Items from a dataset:
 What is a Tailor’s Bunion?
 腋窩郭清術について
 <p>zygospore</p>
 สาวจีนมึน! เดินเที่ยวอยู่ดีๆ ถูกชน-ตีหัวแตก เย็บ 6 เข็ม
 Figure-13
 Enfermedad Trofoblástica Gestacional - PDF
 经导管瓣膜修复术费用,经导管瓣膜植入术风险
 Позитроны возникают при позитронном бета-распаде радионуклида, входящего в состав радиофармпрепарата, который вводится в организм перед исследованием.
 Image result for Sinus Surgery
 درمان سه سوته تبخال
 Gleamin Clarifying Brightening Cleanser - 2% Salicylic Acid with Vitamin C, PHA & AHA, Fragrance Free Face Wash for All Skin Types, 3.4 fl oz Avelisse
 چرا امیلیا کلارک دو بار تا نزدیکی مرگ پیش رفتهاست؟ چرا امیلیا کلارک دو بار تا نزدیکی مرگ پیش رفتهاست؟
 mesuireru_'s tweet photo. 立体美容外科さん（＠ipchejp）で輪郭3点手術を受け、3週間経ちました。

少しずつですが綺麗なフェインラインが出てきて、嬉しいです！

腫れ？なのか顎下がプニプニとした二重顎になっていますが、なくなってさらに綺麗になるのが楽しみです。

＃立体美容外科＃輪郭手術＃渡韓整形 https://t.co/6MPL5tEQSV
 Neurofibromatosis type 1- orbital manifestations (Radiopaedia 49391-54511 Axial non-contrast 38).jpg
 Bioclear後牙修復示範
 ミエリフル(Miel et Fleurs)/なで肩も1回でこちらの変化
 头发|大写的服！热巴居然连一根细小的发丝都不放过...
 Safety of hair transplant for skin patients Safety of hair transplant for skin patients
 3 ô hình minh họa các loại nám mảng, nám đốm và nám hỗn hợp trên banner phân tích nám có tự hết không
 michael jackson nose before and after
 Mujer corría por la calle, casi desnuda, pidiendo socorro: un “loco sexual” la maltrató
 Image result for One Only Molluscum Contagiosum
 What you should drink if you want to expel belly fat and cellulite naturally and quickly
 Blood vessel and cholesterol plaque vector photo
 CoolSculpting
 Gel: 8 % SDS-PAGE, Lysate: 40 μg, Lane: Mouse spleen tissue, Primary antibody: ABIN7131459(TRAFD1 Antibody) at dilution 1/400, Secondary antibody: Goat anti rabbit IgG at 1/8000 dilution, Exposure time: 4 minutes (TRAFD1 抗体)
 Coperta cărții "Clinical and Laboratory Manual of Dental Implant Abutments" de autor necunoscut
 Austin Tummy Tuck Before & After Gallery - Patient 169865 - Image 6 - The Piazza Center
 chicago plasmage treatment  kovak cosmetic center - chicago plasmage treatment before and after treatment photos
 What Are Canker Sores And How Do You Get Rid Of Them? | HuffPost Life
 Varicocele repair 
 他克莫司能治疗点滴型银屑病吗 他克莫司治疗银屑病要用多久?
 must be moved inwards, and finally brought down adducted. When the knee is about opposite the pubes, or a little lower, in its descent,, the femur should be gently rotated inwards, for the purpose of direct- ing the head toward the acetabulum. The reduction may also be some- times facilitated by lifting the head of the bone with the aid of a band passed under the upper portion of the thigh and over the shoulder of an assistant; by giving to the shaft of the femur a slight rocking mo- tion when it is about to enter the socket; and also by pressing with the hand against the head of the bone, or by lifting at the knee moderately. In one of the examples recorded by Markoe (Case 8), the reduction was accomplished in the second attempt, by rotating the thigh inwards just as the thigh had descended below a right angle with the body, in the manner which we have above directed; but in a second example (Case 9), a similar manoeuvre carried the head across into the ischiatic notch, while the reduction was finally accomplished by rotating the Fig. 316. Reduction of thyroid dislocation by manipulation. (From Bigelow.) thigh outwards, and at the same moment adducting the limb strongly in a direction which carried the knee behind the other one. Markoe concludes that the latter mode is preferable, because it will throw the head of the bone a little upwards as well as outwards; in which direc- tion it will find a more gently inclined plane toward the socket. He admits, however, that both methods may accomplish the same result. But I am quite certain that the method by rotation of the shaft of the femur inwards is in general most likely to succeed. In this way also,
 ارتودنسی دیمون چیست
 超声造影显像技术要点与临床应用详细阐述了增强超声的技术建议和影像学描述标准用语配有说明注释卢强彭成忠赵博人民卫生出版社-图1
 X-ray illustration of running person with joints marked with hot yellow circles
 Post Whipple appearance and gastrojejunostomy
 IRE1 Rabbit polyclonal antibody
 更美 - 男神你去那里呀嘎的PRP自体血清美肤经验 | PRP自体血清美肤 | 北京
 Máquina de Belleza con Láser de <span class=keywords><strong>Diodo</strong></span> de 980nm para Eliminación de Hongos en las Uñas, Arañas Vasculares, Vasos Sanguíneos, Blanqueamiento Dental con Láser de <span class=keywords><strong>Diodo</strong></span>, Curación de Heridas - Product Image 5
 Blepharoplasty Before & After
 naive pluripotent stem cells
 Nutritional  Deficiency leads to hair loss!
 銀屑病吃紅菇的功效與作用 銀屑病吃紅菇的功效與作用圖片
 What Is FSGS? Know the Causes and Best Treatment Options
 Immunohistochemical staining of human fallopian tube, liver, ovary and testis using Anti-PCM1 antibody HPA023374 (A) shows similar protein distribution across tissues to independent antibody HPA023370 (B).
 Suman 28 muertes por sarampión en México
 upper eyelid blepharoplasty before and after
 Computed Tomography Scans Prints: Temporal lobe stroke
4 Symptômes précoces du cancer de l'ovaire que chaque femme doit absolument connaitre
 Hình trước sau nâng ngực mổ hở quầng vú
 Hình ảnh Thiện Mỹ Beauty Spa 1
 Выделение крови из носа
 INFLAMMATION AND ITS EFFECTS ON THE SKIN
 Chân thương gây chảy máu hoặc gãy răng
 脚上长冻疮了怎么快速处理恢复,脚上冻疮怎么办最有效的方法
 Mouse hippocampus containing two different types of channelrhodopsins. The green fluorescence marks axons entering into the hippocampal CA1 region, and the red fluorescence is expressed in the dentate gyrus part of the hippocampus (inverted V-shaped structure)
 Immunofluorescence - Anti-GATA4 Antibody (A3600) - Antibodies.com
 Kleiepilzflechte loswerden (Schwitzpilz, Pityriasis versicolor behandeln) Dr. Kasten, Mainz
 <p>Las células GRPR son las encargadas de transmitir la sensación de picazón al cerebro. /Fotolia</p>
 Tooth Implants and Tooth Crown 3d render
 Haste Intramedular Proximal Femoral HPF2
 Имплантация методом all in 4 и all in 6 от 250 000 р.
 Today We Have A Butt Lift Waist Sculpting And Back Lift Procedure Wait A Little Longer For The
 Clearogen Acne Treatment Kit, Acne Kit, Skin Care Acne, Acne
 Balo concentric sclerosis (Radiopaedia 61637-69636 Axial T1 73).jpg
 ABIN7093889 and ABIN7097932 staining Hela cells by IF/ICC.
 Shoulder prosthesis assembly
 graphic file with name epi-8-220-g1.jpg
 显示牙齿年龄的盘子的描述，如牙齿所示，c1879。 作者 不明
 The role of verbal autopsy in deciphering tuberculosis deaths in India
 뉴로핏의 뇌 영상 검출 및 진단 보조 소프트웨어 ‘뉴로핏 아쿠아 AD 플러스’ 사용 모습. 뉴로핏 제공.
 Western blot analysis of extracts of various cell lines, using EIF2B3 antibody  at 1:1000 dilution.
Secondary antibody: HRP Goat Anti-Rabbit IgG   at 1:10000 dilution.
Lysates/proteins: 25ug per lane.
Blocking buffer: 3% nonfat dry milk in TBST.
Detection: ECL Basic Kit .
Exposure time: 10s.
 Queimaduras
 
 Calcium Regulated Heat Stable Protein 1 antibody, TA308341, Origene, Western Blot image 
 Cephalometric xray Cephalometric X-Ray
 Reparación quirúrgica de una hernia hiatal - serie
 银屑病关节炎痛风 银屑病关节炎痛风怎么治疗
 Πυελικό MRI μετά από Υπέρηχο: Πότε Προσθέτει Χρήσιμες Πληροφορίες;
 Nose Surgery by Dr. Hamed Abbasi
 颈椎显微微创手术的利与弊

▶ **TASK OBJECTIVE**
Above are some records; copy exactly the lines from the one with "Enfermedad Trofoblástica Gestacional - PDF" through the one with "Safety of hair transplant for skin patients Safety", both included, and no others.

▶ **YOUR SOLUTION**
 Enfermedad Trofoblástica Gestacional - PDF
 经导管瓣膜修复术费用,经导管瓣膜植入术风险
 Позитроны возникают при позитронном бета-распаде радионуклида, входящего в состав радиофармпрепарата, который вводится в организм перед исследованием.
 Image result for Sinus Surgery
 درمان سه سوته تبخال
 Gleamin Clarifying Brightening Cleanser - 2% Salicylic Acid with Vitamin C, PHA & AHA, Fragrance Free Face Wash for All Skin Types, 3.4 fl oz Avelisse
 چرا امیلیا کلارک دو بار تا نزدیکی مرگ پیش رفتهاست؟ چرا امیلیا کلارک دو بار تا نزدیکی مرگ پیش رفتهاست؟
 mesuireru_'s tweet photo. 立体美容外科さん（＠ipchejp）で輪郭3点手術を受け、3週間経ちました。

少しずつですが綺麗なフェインラインが出てきて、嬉しいです！

腫れ？なのか顎下がプニプニとした二重顎になっていますが、なくなってさらに綺麗になるのが楽しみです。

＃立体美容外科＃輪郭手術＃渡韓整形 https://t.co/6MPL5tEQSV
 Neurofibromatosis type 1- orbital manifestations (Radiopaedia 49391-54511 Axial non-contrast 38).jpg
 Bioclear後牙修復示範
 ミエリフル(Miel et Fleurs)/なで肩も1回でこちらの変化
 头发|大写的服！热巴居然连一根细小的发丝都不放过...
 Safety of hair transplant for skin patients Safety of hair transplant for skin patients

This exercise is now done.